ランク制改善へ力合わせよう 労働弁護団が初の最賃集会/目安全協での審議見据え
日本労働弁護団は12月1日、東京都内で、最低賃金の大幅引き上げと地域間格差の縮小を考えるシンポジウムを開いた。労働弁護団が最賃をテーマに集会を開くのは初めて。現在審議中の「中央最低賃金審議会の目安制度の在り方に関する全員協議会(目安全協)」での審議を見据え、地域間格差を生む現行のA~D4ランク制の見直しへ流れをつくりたい考えだ。
中賃・労働側委員で、連合の仁平章総合政策推進局長が参加し、今年度の最賃改定審議のポイントと、最賃改定の運用を5年に1度話し合う目安全協の審議状況について報告。労働側の狙いとして、生活できる水準への引き上げに道筋をつけることと、地域間格差の是正を挙げ、「隣県への労働力の流出が止まらない。(A~D)4ランク制のあり方を含めて議論していく」と述べた。

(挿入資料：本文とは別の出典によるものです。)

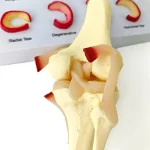 Medical Teaching Model Knee Meniscus Injury Model for Sports Medicine & Anatomy Education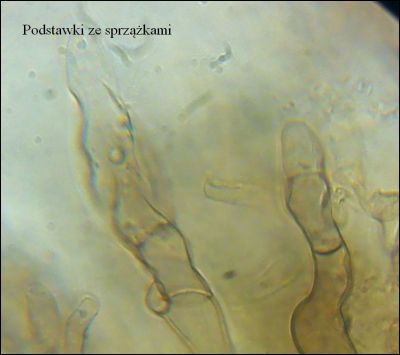 Tomentella stuposa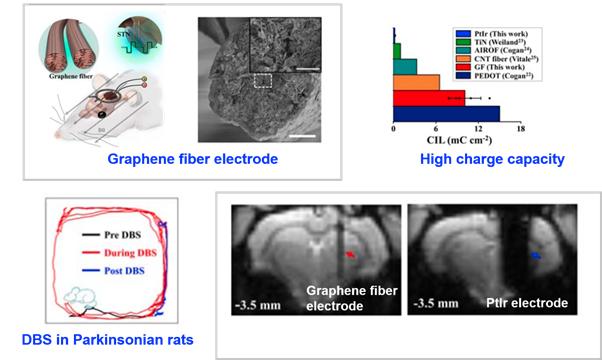 High MRI Compatibility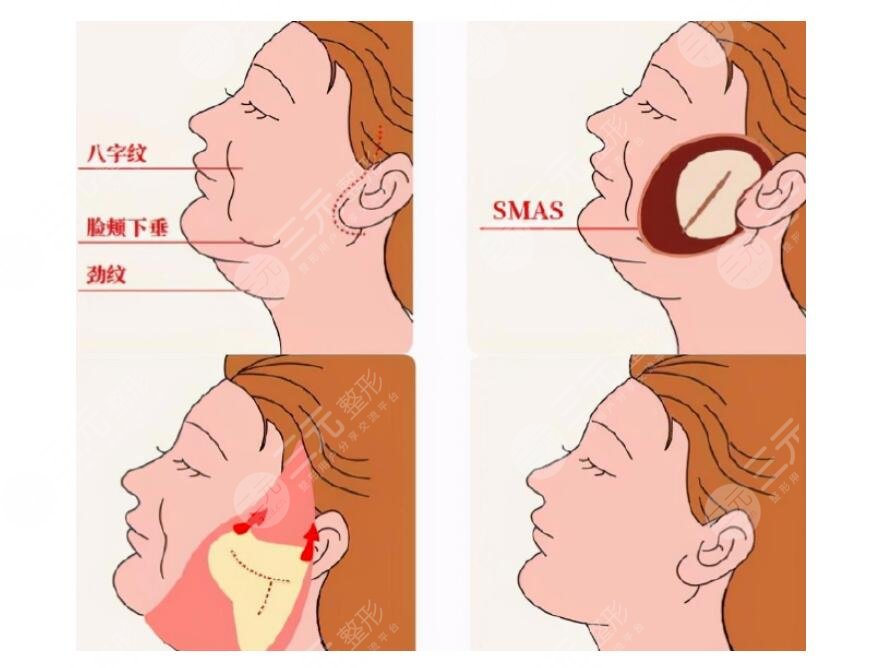 面部筋膜提升術(shù)能保持多久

労働弁護団副会長の中村和雄弁護士は、都市と地方の生計費は、都市部で高い住宅費と、地方では欠かせない自動車保有が相殺し合い、双方に大きな差はないと指摘。時給格差が最大219円にもなる現行の4ランク制について、「既に限界を迎えている。日本経済と地域経済の活性化のためにも、この改善が必要だ」と語った。
労働弁護団は5月、最賃の大幅引き上げと全国一律制度の導入を求める声明を発表している。中村弁護士は「5年か10年かけて四つのランクの数を減らしていき、近い将来、全国一律の実現をめざそう」と取り組みを呼び掛けた。
集会には、全労連の小畑雅子議長がメッセージを寄せ、全労協の代表が出席し賛同を表明した。